Les événements vont en faire un bien différent « pape du Syllabus ».

Le 24 novembre 1848, Pie IX quitte de nuit le Quirinal dans la voiture à cheval du duc d’Harcourt, après l’attaque du palais par les partisans de Giuseppe Mazzini (Palma trouve la mort à cette occasion). Pie IX se réfugie dans la forteresse de Gaète, dans le royaume des Deux-Siciles. Il lance un appel aux puissances européennes pour retrouver son trône. Rome devient une république. L’Autriche, le roi Ferdinand II des Deux-Siciles et la France apportent leur soutien au pape.

C’est cependant la France qui est la plus active : elle envoie un corps expéditionnaire commandé par le général Oudinot, qui s’empare de Rome le 30 juin 1849 et en chasse définitivement les révolutionnaires en juillet.

D’abord hésitant, une vive protestation du vicaire apostolique de Mandchourie de passage en Europe, Emmanuel Verrolles décide enfin le pape à quitter Gaëte pour Rome. De retour à Rome le 12 avril 1850, Pie IX mène une politique de répression contre les idées républicaines. Un nouveau secrétaire d’État, le cardinal Giacomo Antonelli, est nommé, qui renoue avec la politique conservatrice de Grégoire XVI.

Rome reste l’objectif principal de la politique de Giuseppe Mazzini et de Giuseppe Garibaldi, qui organise diverses opérations militaires sans succès.

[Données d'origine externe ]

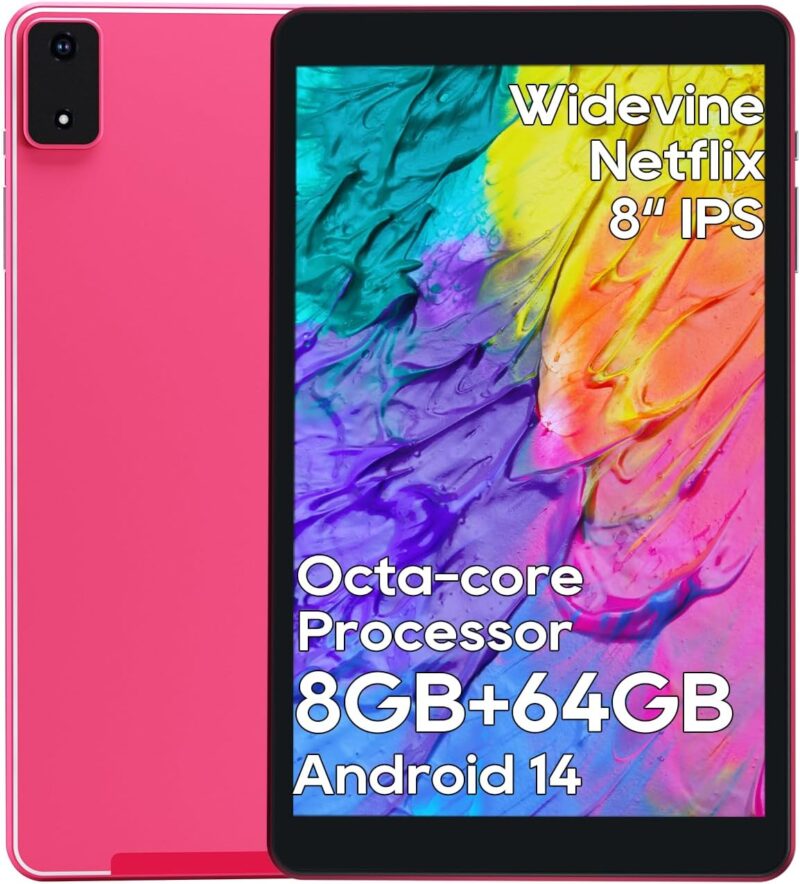 Callsky 8 Inch Tablet Pink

Pour s’opposer aux risques d’une annexion par le royaume de Sardaigne qui a fait main basse sur les principautés du Nord de l’Italie et la moitié des États pontificaux, les troupes françaises restent stationnées dans les États du pape et les zouaves pontificaux sont créés en 1860 avec la bénédiction du pape et du prélat franco-belge Xavier de Mérode. Ces derniers sont placés sous le commandement du général de Lamoricière, ancien de la colonisation d’Algérie et ancien ministre de la IIe République.

Jusqu’en 1870, le recrutement se fait auprès des volontaires de France, des Pays-Bas, de Belgique, d’Italie et du Québec.

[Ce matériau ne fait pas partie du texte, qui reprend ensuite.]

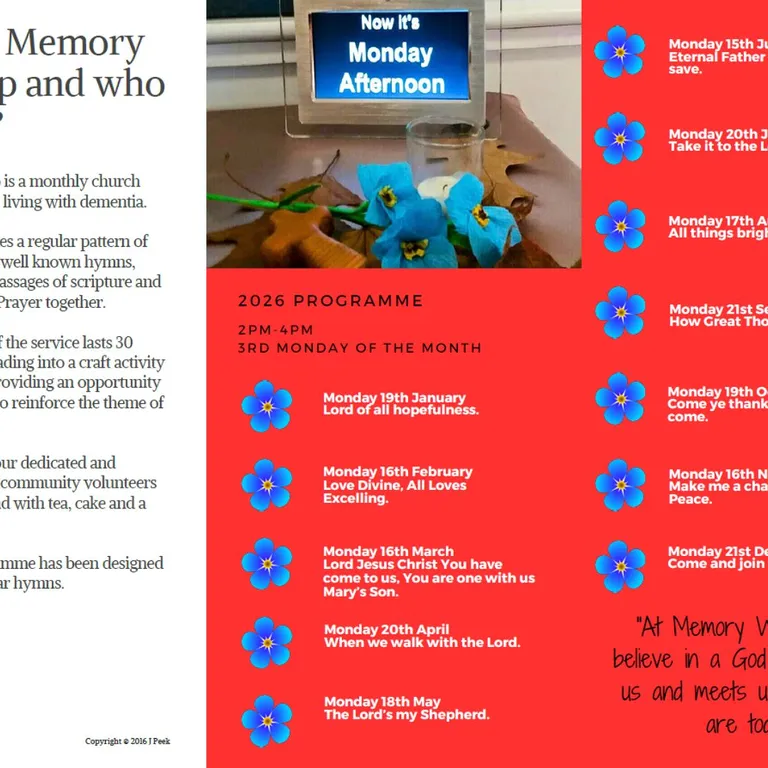 Wesley Memory Worship 2026 Programme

La guerre franco-prussienne de 1870 entraîne le retrait des militaires français affectés à la protection du pape. En revanche, les volontaires français (officiers ou hommes de troupe) engagés dans le corps des Zouaves pontificaux restent sur place, commandés par le colonel de Charette.

En septembre 1870, la défaite de la France contre la Prusse, alliée de l’Italie, provoque l’invasion de ce qui reste des États pontificaux par une armée italienne de 70 000 hommes sous le commandement du général Raffaele Cadorna.

En face, les effectifs pontificaux ne dépassent pas 13 000 hommes dont 3 000 zouaves. Le général Hermann Kanzler, le commandant de l’armée pontificale, concentre ses efforts sur la défense de Rome. Le 20 septembre, l’artillerie italienne bombarde les fortifications romaines. Le pape demande à Kanzler de cesser le feu dès les premiers coups de canon au grand dépit des zouaves souhaitant se battre. Onze zouaves seulement sont tués lors des combats.

L’armement obsolète des armées pontificales, malgré la victoire de Mentana contre Garibaldi en 1867 (où pour la première fois le fusil Chassepot est utilisé), permettent aux troupes italiennes de s’emparer sans difficulté de Rome le 20 septembre 1870.

Le pape ordonne aux zouaves de n’opposer qu’une résistance symbolique. Le lendemain, le régiment des zouaves est licencié et les Français sont rapatriés à Toulon.

En sus du problème du territoire pontifical, Pie IX entend lutter contre les courants et idéologies anticatholiques. Par sa lettre Gravissimum supremi (1866) il donne un statut quasi officiel à la revue jésuite La Civiltà Cattolica. Il dénonce aussi le Kulturkampf allemand dans la ligne de Bismarck ainsi que les violences exercées par les Suisses contre le clergé catholique : une encyclique de 1873 condamne les violences suisses.

En 1874, le gouvernement autrichien rompt son concordat.

Cette époque est aussi celle d’une expansion missionnaire de l’Église dans le monde. Pie IX crée de nombreux diocèses aux États-Unis, rétablit malgré l’opposition des protestants la hiérarchie catholique en Angleterre (1850), en Hollande (1853), en Écosse. Il refonde le patriarcat latin de Jérusalem.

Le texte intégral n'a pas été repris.